As an Ambassador Scholar we are required to give 4-6 presentations to Rotary Clubs during our stay. Three days after landing in Durban I was up before my host club delivering my first presentation at 7AM in the morning. As graduate students at home, we’re given plenty of opportunities to stroke ourselves, even encouraged to do it. I’m still not quite comfortable with this but I go for it. I followed the recommended format I’d been given at my pre-departure orientation. My name, schooling, family, state, city, service interests, hobbies and work experience peppered with a few examples-what my city is known for, organizations I belong too, my love for rollerblading, my academic research interests…The Rotarians are polite, although I can’t tell whether they are impressed, bored or wondering why all that schooling-I keep asking myself that too. I end my presentation with the wallet fiasco, which is met with laughter and amazement, and open the floor for questions.
The US presidential campaign takes over the remainder of my presentation. The democratic candidacy is of primary interest-Super Tuesday had just passed. Unanimously everyone is rooting for Obama, the club members present this day are Indian, white, male and female. They want to know the pulse of our nation, what US citizens are concerned about, how do we feel about the war, and whether Obama will win? They believe Obama represents a more humane and trustworthy America as it relates to foreign policy. I provide my perspective on the pros and cons of Hillary Clinton and Barack Obama, we spend less than 2 minutes on the Republican front-runners.

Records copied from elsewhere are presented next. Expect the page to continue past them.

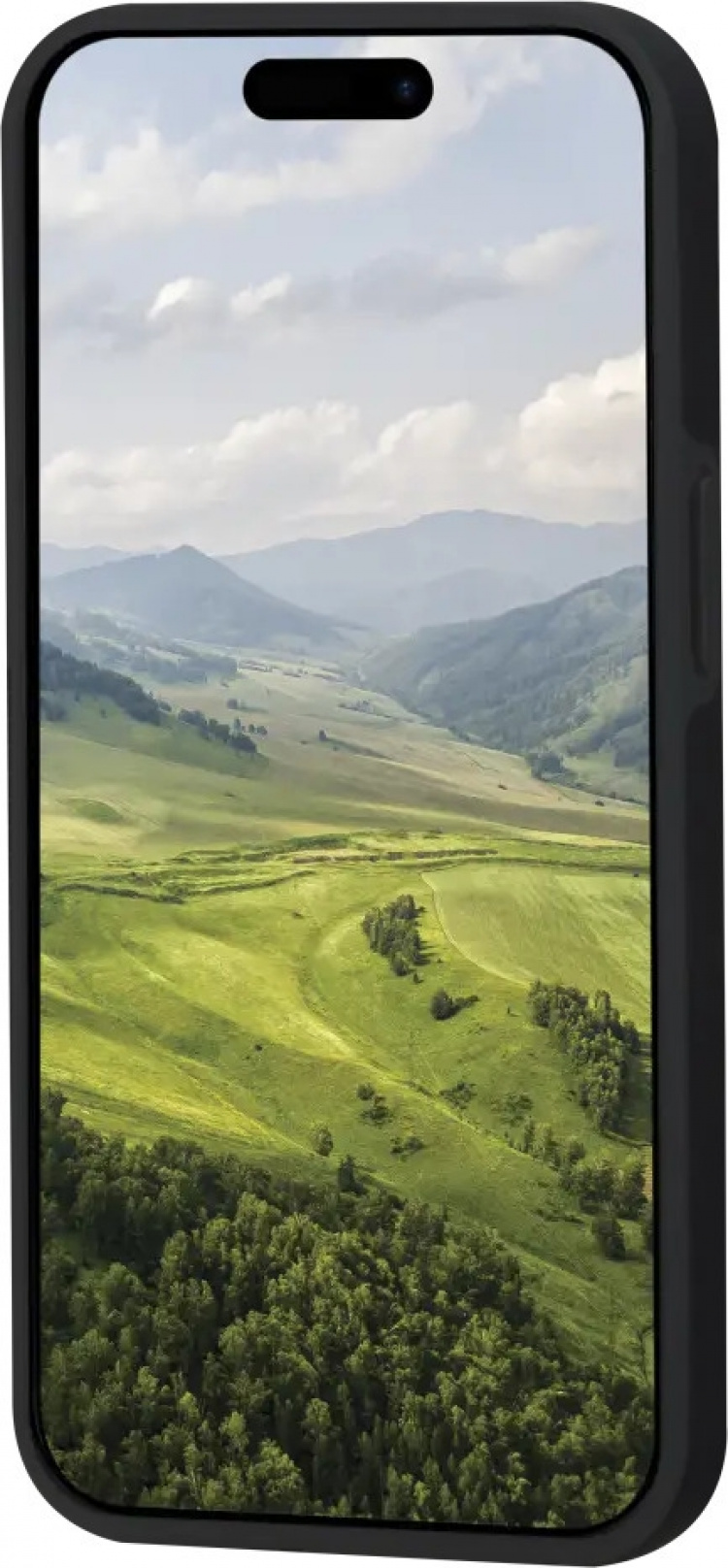 dbramante Island Ultra D3O MagSafe -skyddsfodral, iPhone 15, svart dbramante Island Ultra D3O MagSafe -skyddsfodral, iPhone 15, svart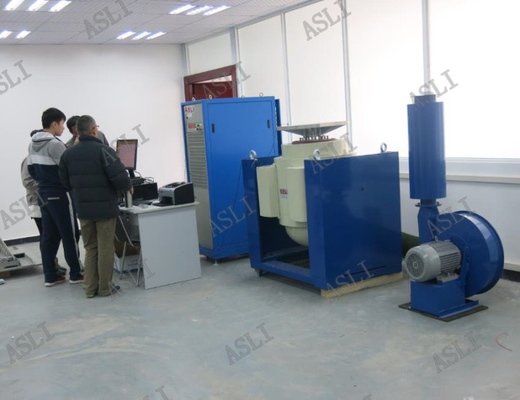 معدات اختبار الاهتزاز شاكر الكهروديناميكية عالية التردد مع معايير mil-std 810G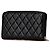 Cambon CHANEL Purses, wallets & cases T.  Leather Black - view 2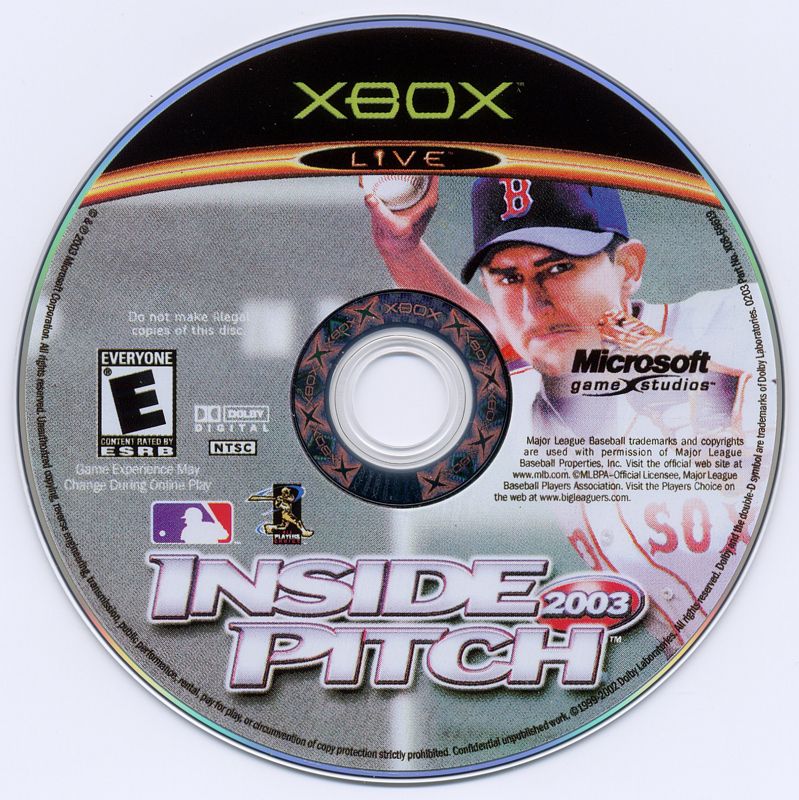 Inside Pitch 2003 - Xbox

Finally they want to know whom I am voting for, I explain my vote doesn’t come up for a few months and I am giving thoughtful consideration to the race. The assumption is that I am a Democratic, not one person asked my party affiliation. I am asked to call the race who will win the nomination, I say it will be a tight race so we should all keep a close watch. I am careful not to disclose my choice. Again I’m asked as a woman and a black American which candidate do I think best represents me? From a Feminist or even more a Womanist perspective I could have explained that race and gender are so intertwined for me, at home it is even difficult for researchers to dissect the two scientifically. I say both candidates have strengths I admire.
They won’t given up, one last query “Who would you put your money on?” I again manage to sidestep the question, I rattle something off about not being a gambler and as I’m about to be questioned again, one of the Rotarians reminds me my breakfast is getting cold and that I should sit down to eat. We only meet for an hour and my club is careful to be on task and on time.
After we depart, in the car headed to our next location, my landlord and soror, says you handled that well, very diplomatically, very diplomatically. I thank her and query about how she read the audience. She lets me know she was holding her breath when I announced that I was an "adventurous person" not sure what I would say to my audience, (patriarchal traditions are much stronger here, women a bit more passive) but she was able to breathe easy with the wallet story. She tells me she thinks it went well. In the company of a fellow American, in the car on the road, I am off duty.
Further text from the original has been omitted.